Sarah H. Cen
I am a postdoc at Stanford HAI, fortunate enough to be working with Prof. Percy Liang in the Department of Computer Science and Prof. Daniel E. Ho in the Stanford Law School's RegLab. I'm also an incoming Assistant Professor at CMU in the Departments of Electrical & Computer Engineering and Engineering & Public Policy.
My research falls at the intersection of machine learning and AI accountability. I'm interested in both the design and governance of AI and automated systems. On the design side, I study how to better devise algorithms to work when interfacing with humans. I enjoy using a wide range of methods to tackle research questions, including tools from ML, statistical learning, causal inference, and game theory.
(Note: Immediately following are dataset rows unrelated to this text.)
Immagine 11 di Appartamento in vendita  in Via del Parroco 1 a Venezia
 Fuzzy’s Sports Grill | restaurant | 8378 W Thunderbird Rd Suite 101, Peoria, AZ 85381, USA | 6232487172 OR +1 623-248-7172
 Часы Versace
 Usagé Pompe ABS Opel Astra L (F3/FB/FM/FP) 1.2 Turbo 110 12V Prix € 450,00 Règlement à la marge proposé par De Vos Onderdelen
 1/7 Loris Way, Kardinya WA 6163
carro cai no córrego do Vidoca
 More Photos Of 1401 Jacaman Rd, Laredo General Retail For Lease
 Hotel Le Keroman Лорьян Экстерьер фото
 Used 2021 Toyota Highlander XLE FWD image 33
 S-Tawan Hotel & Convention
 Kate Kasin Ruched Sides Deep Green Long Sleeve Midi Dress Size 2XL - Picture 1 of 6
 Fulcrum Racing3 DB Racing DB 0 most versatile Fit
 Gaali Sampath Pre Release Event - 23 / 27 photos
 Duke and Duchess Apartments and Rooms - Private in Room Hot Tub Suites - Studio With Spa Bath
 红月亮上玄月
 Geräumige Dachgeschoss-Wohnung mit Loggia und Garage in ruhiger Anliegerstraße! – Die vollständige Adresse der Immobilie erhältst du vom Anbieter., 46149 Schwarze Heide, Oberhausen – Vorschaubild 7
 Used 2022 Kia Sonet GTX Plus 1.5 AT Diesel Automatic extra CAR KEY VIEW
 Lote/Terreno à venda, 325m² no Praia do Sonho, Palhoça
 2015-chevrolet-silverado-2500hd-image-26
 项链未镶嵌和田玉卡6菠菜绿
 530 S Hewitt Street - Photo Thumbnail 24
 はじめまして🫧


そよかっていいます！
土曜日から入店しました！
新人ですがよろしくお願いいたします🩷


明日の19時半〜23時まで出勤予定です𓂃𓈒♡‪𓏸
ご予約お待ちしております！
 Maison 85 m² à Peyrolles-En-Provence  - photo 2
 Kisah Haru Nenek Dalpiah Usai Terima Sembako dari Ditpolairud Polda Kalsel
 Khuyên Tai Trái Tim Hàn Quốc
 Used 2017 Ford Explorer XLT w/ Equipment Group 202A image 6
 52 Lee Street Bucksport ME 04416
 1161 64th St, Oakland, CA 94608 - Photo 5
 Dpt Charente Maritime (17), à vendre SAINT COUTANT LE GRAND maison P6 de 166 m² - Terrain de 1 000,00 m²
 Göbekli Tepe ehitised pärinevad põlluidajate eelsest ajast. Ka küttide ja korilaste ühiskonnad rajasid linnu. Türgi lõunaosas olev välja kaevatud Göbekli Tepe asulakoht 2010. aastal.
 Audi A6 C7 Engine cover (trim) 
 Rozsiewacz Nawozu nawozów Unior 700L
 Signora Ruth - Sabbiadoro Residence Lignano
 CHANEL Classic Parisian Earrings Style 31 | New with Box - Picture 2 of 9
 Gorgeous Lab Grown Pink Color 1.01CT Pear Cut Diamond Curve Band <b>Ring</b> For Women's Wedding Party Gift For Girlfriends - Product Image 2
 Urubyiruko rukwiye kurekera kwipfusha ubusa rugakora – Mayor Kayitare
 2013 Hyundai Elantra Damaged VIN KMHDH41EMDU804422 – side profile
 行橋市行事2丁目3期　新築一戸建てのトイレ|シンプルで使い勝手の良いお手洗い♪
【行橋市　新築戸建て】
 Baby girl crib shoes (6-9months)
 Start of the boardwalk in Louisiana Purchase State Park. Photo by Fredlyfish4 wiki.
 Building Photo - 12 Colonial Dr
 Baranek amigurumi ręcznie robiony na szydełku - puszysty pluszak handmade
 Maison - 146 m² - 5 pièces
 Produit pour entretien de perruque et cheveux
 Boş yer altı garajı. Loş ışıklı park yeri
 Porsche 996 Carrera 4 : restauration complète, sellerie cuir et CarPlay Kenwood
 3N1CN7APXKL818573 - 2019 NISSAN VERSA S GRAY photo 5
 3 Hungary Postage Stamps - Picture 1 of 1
On the governance side, I study law and policy to improve our understanding of how our legal system and regulatory frameworks can adapt in an age of AI and automation.
Recently, I have written on the regulation and auditing of social media algorithms; the emergence of AI supply chains; the estimation of counterfactual potential outcomes under spillover effects; how competing for resources under uncertainty affects long-term outcomes; and individual-level rights of data-driven decision subjects.
I completed my PhD at MIT in EECS, under the wonderful mentorship of Prof. Aleksander Mądry and Prof. Devavrat Shah. Previously, I worked in intelligent transportation, communication networks, reinforcement learning, and robotics. During my master's, I performed research on autonomous vehicles (a.k.a. self-driving cars) with Prof. Paul Newman at the University of Oxford. As an undergraduate, I studied control & decision systems with Prof. Naomi Leonard at Princeton University.
Please find my (to-be-updated) C.V. here.
Selected Recent Talks
- Adapting for AI - slides
Presented at Columbia's Frontiers of ML Seminar and Northeastern's Network Science Institute (February 2025).
- Access and Evidence in AI Auditing - slides
Presented at EAAMO'24 (October 2024).
- ⭐ My Thesis: Paths to AI Accountability Through Design, Measurement, and Regulation - slides
Gave my thesis defense August 2024.
- A Game-Theoretic Perspective on Trustworthy Data-Driven Algorithms - slides
Presented at 2024 Conference on Economics and Computation (EC'24), and at the 2023 INFORMS Annual Meeting in the Session on Fairness in Platforms and Recommendations.
- Network Synthetic Interventions: A Causal Framework for Panel Data Under Network Interference - slides
Presented in the Session on Decisions Under Not-So-Perfect Data at the 2023 INFORMS Annual Meeting.
- Design and Governance of Data-Driven Algorithms - slides
Presented at the Cornell Young Researchers Workshop (October 2023).
- The Right to be an Exception to a Data-Driven Rule - manuscript | slides
Presented at the Privacy Law Scholars Conference (June 2022), the Harvard Ethical Issues in Computing & AI Conference (June 2022), and the MIT AI Ethics Reading Group.
- Regulating Algorithmic Filtering on Social Media -
manuscript | slides | poster
Presented as a Spotlight at NeurIPS (December 2021), LIDS Student Conference (January 2022) and received Best Student Presentation, LIDS Stats & Tea Talk (April 2021), and Stanford GSB Rising Scholars Conference (October 2020).
- Regret, stability, and fairness in matching markets with bandit learners -
manuscript |
slides |
poster
Presented as poster at AISTATS (March 2022) and as a LIDS Stats & Tea Talk (May 2021).
- A Game-Theoretic Perspective on Trust in Recommendation - slides
Presented as a Contributed Talk in the ICML Workshop on Responsible Decision Making in Dynamic Environments (July 2022) and at the Simon's Institute for Theory of Computing's Workshop on AI & Humanity (July 2022).
- Why Social Media Platforms Shape What You Think - slides
Presented at INFORMS (October 2022).
- Making Online Platforms Fit For Humans
Presented as a Thriving Star of AI at MIT (May 2022).